Neighborhoods at Times of Change and Crisis
This workshop aims to explore the theme of “neighbors” and “neighborhood” as a departure point to consider space, identity, coexistence, solidarity, and violence, at times of change and crisis in the Middle East, Africa, and South Asia. Neighborhood as an intimate space with blurred yet shared boundaries in the mental-maps of its residents is home to conflicts over space and time. Its histories, material formations, as well as transformations are both indicative and inductive of micro and macro social phenomena. Historically, as much as recently they are the loci of resistance and political dissidence, but also coexistence of potentially hostile groups. Therefore, envisioning neighborhoods as more than an administrative category would give hints to understand spatial formations of the social and political.
Considering the complexity of the phenomenon, we suggest approaching neighborhoods with an interdisciplinary lens. This workshop, therefore, invites the collaboration of neighboring disciplines, including but not limited to history, geography, anthropology, sociology, political science, and psychology.

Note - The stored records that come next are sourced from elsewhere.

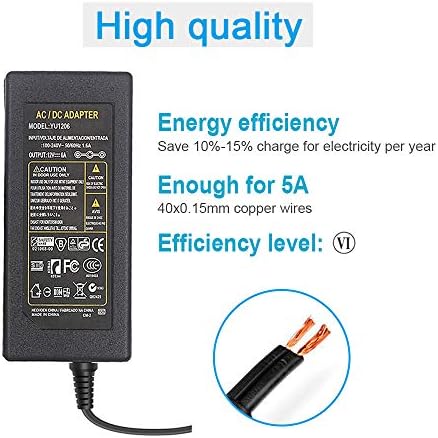 12V 5A Adaptador de energia, AC 100-240V para DC 60W Adaptador de alimentação Adaptador de plugue dos EUA Caixa de alimentação de comutação para LCD Monitor Power Transforme LED LED LIGHT DVR NVR Câmeras de segurança do sistema CCTV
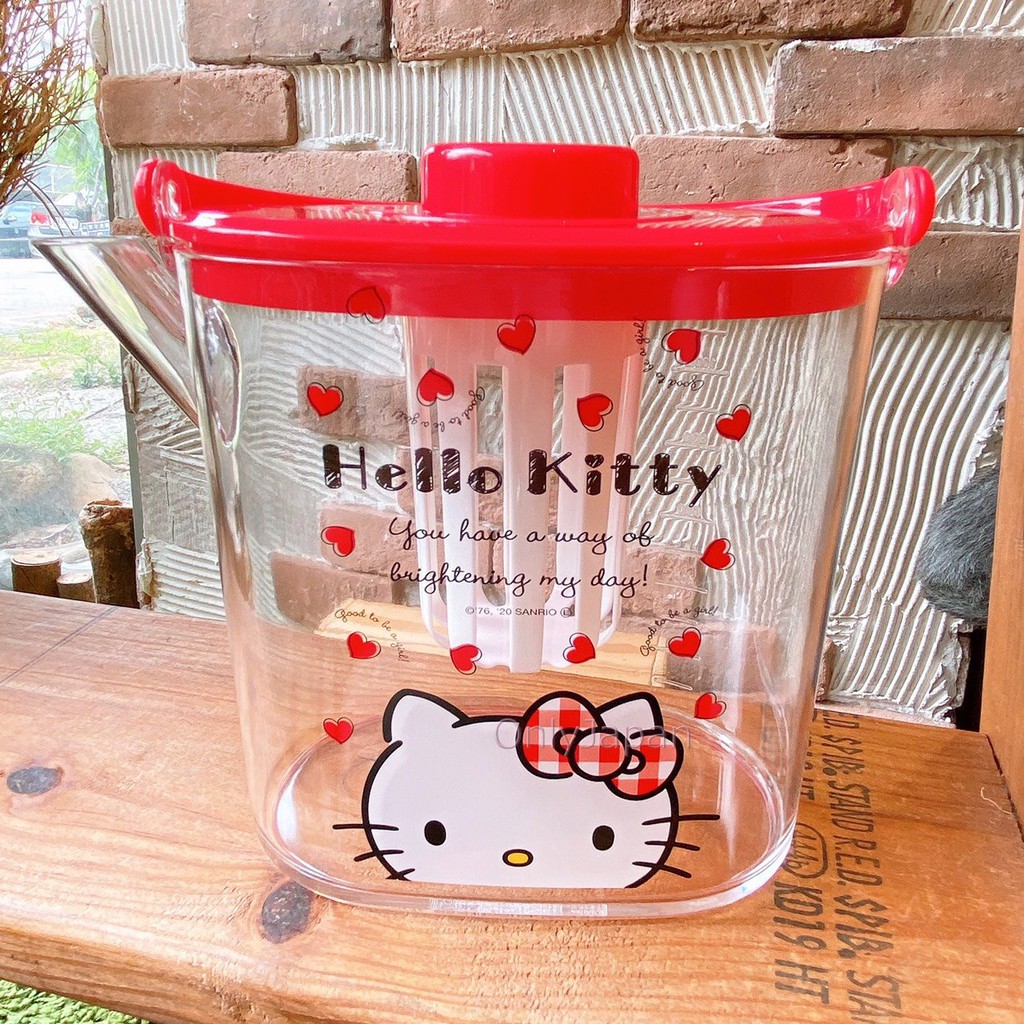 日本進口 498862 耐冷熱 寬口濾茶壺 1.2L 凱蒂貓kitty 大頭紅心 水壺 茶水瓶 花茶壺 大容量 涼水壺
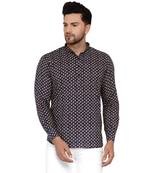 Blue printed cotton men-kurtas
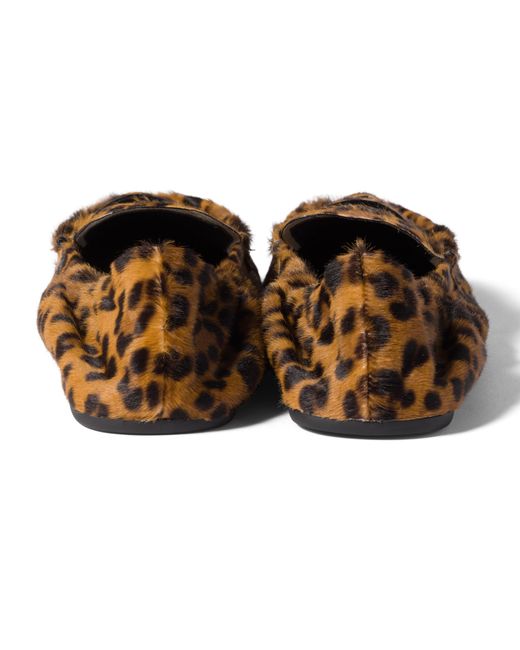 Miu Miu Brown Ruches Printed Leather Loafers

In the panels organized around the themes of urban transformation; violence; solidarity, activism, and neighborhood politics; sentiments; and non-human neighbors, the following questions will be addressed:
- How do the legal, politico-economic and social processes that relate to urban transformation affect neighborhoods in the region?
- What kind of neighborhood solidarity initiatives are formed particularly in times of crises like natural disasters, war, mass migration flows and urban transformation?
- What are the responses local residents develop to aid fellow neighbors or to defend their rights to city?
- How do neighborhood politics change in the context of turbulence and how different groups (of class, religion, ethnicity, age, gender and political orientation) clash and cooperate under these circumstances?
- How can we understand violence that takes place in the intimate space of the neighborhoods, directed towards those who are personally known to the perpetrators?
- What are the conflicting claims over land, property, use, time and also memory? How are neighborhoods remembered and reconstructed in the social imaginary in relation to present concerns? What are the political implications of the memory work that is actively carried on in particular neighborhoods?
- How certain affects and sentiments circulate within neighborhoods themselves and around them?
- What kind of gendered regulations and practices shape the use of time and space within neighborhoods? Or how temporal and spatial formations of neighborhoods develop in relation to gendered practices?
- How do the relations between human and non-human residents respond to these changes?
The deadline for abstract submission is 31 January 2018. The abstracts should be limited to 250 words, and sent to firstname.lastname@example.org or email@example.com, alongside a short CV. The authors of the accepted papers will be notified by 1 March 2018. The organizers of the workshop intend to put together a publication on the subject. Therefore participants are asked to submit their final papers by 15 April 2018.